En el 2010 empezaron los ensayos con María, que se convirtió en una de las actrices de Raíz de ébano, una obra teatral que busca honrar las memorias y el lugar de las madres y abuelas afrocolombianas. En ella se narra el recorrido de tres mujeres desde la danza y la actuación: Alba Nelly Mina, María Moreno y Ana Ruth Díaz. Ellas dejaron sus tierras en Cauca, Chocó y Valle, respectivamente para llegar a Bogotá.

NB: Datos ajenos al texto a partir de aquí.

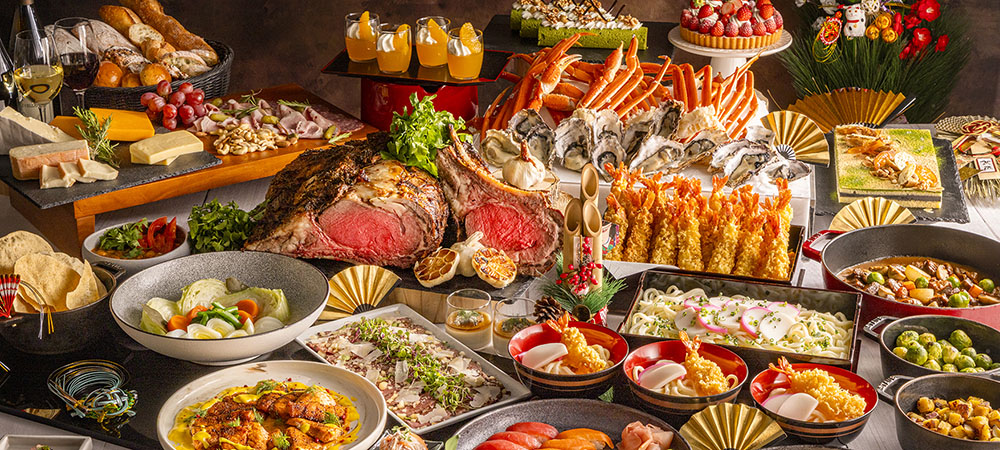 マーブルラウンジ【2025-2026年末年始ブランチ& ディナービュッフェ】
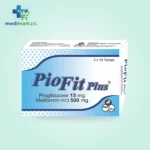 Piofit Plus 15mg/500mg Tablet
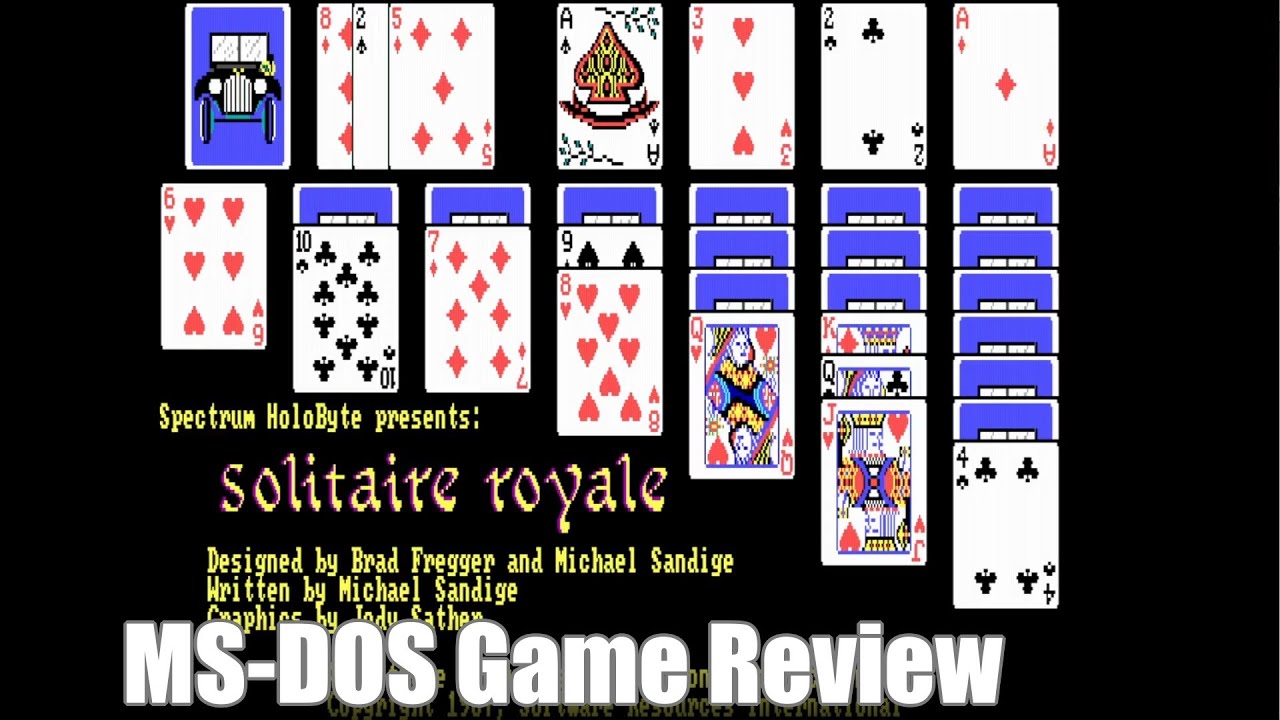 Solitaire Royale PC MSDOS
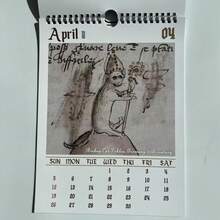 2026 Medieval Cat Calendar - Medieval - Ugly Medieval Cats - Vintage Gothic Hanging Wall Calendar With Monthly Tabs - Home Office Decor - Birthday Gift For Cat Lovers - Functional & Decorative Timekeeper Christmas Decorations Winter Room Decor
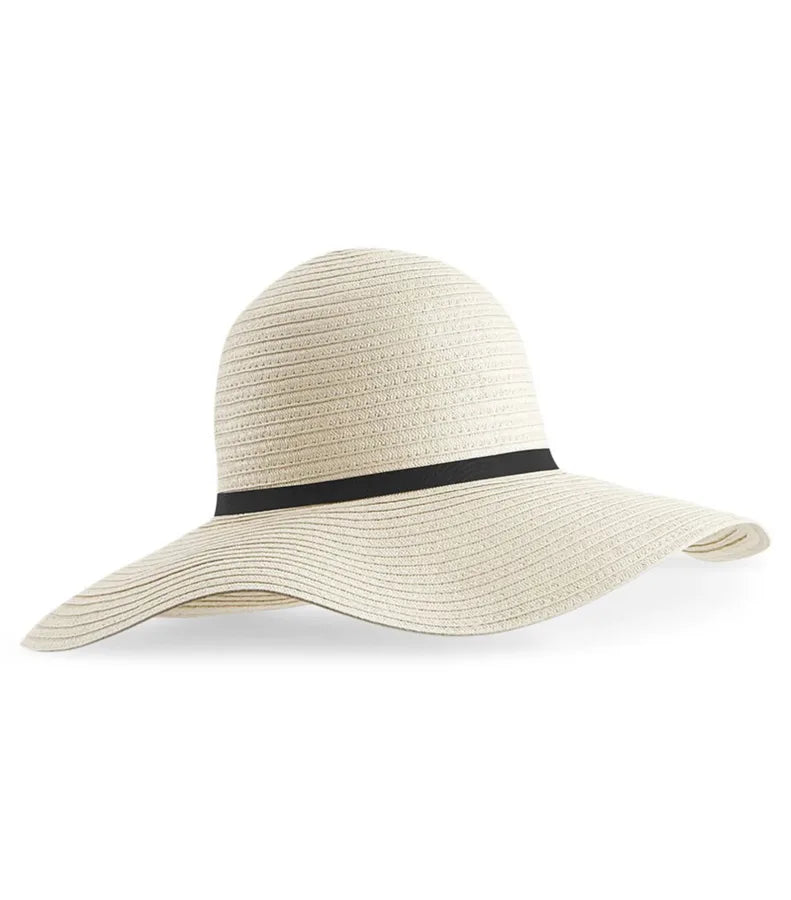 Marbella Wide-Brimmed Sun Hat Natural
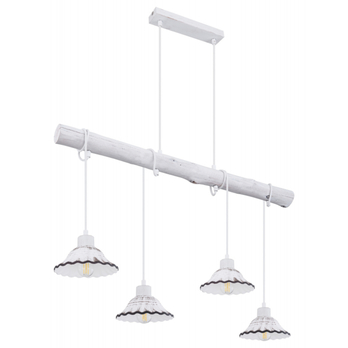 Závěsné svítidlo JOWITA 7 bílá/černá keramika 4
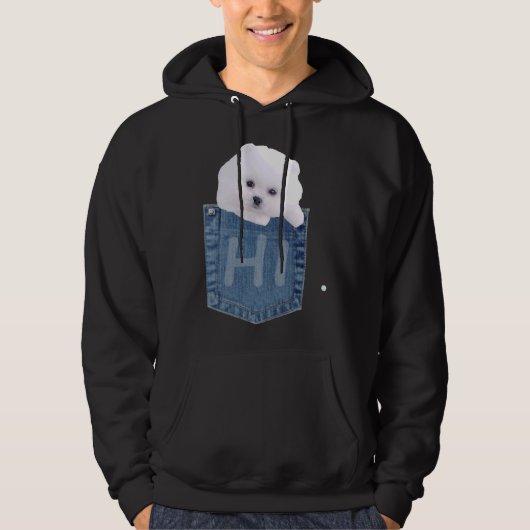 Veste À Capuche Poche Poméranienne 42 (Devant)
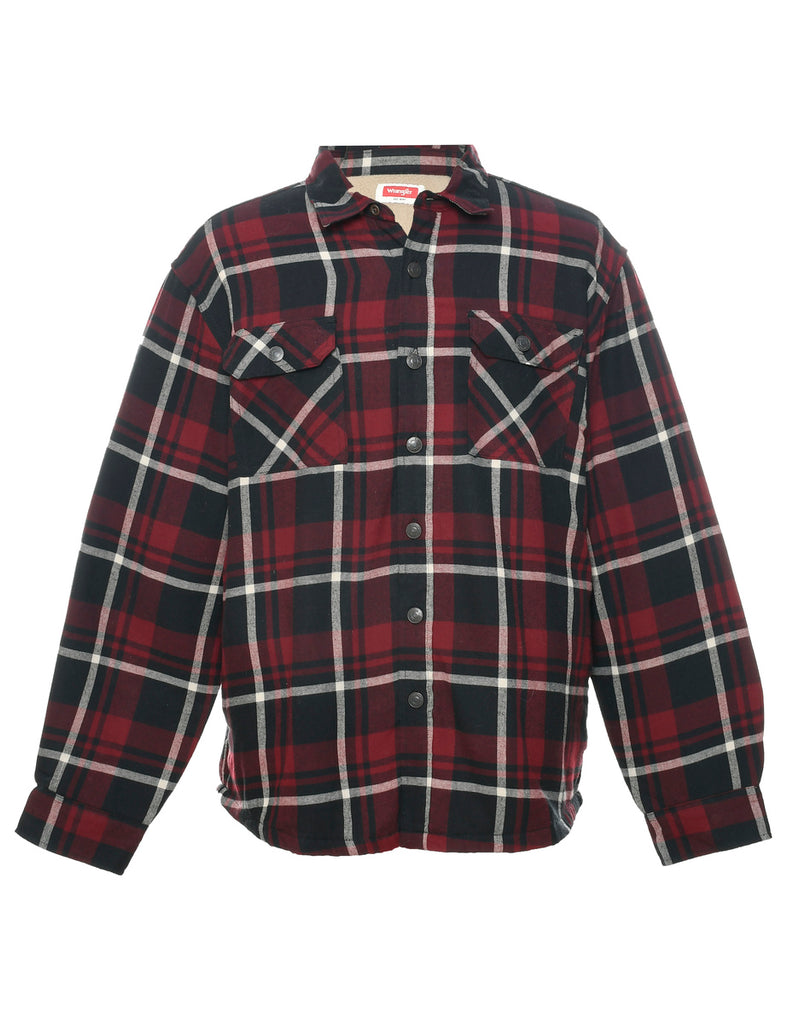 Wrangler Plaid Shirt - L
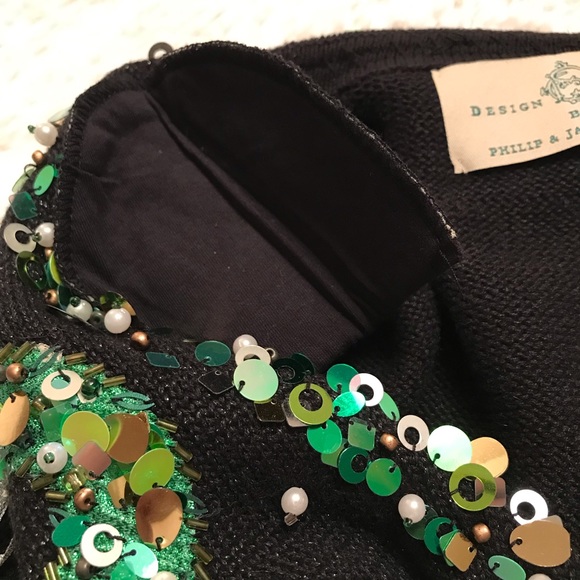 Christmas Wreath Cardigan Sweater - Vintage- Sz Sm - Picture 9 of 9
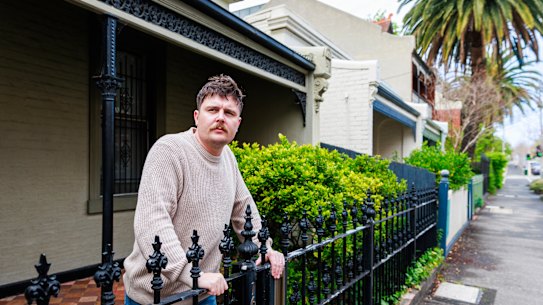 James Lowerson has moved into a rental property in East Melbourne.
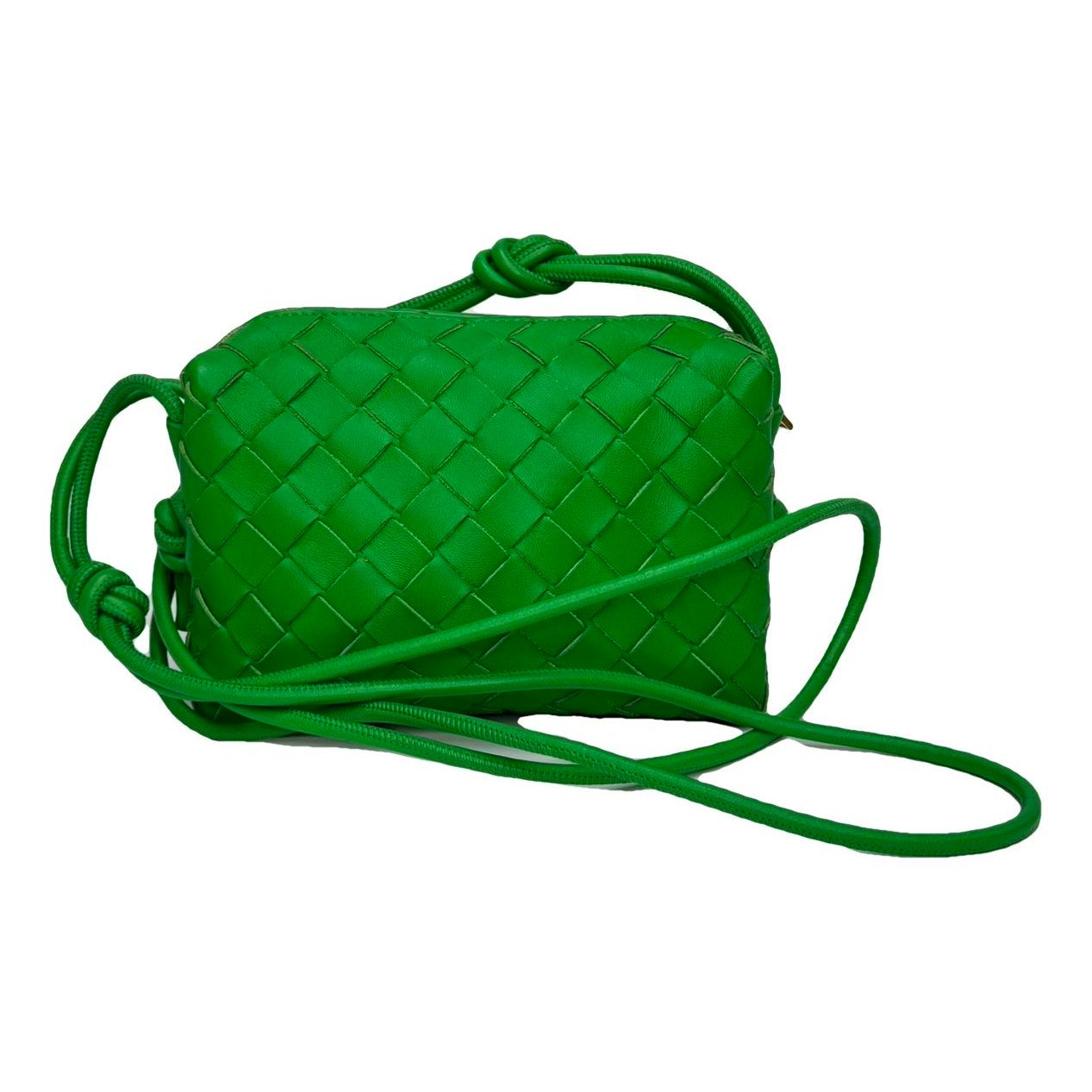 Loop leather crossbody bag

Ana Ruth Díaz, que hoy tiene 70 años, va contando a lo largo de la obra las discriminaciones que vivió en Candelaria, Valle, su tierra, en la que incluso sus hermanos la marginaron. A Bogotá llegó con deseos e intenciones de transformar su condición socioeconómica.

Durante la muestra, las luces envuelven a las tres actrices. Llevan vestidos anchos y largos hasta los tobillos, así como turbantes. Caminan hacia delante mientras suena de fondo percusión colombiana y africana. De repente, desde el centro del escenario, Ruth canta, y en su interpretación habla de un árbol que crece y de la añoranza de su madre, Rosa Amelia Molina.

Suenan tambores, renuncian a la línea diagonal que va de lado a lado del escenario y empiezan a caminar aleatoriamente. Acarician su rostro, observan sus manos y sus brazos. Llevan el tronco hacia el cielo en un movimiento circular. Regresan hacia adelante tocando el suelo. Ruth, en escena, repite su canción en voz baja, casi tarareando.

La mujer recuerda y habla de Raíz de ébano con voz temblorosa.

—A mí esta obra me sanó. Yo vivía siempre pensando: ‘¿Por qué pasaron tantas cosas? y ¿para qué?’. Todo eso estaba ahí guardado, y cuando empezamos a contar nuestra historia, me quebrantaba mucho, lloraba y no podía casi ni hablar. Cata estaba al frente y los otros en el elenco me decían: ‘Vamos, que usted puede’”.

Ana Ruth, de trenzas y candongas plateadas, está sentada en el sofá naranja de la casa de su amiga y consuegra. Mientras rememora, se le empañan las gafas, pero se interrumpe a sí misma para tomar un sorbo de tinto. Está al lado izquierdo de María, y la mira repetidas veces mientras habla. Es, tal vez, la más sonriente de las tres. Sonríe mientras habla de sus nietos.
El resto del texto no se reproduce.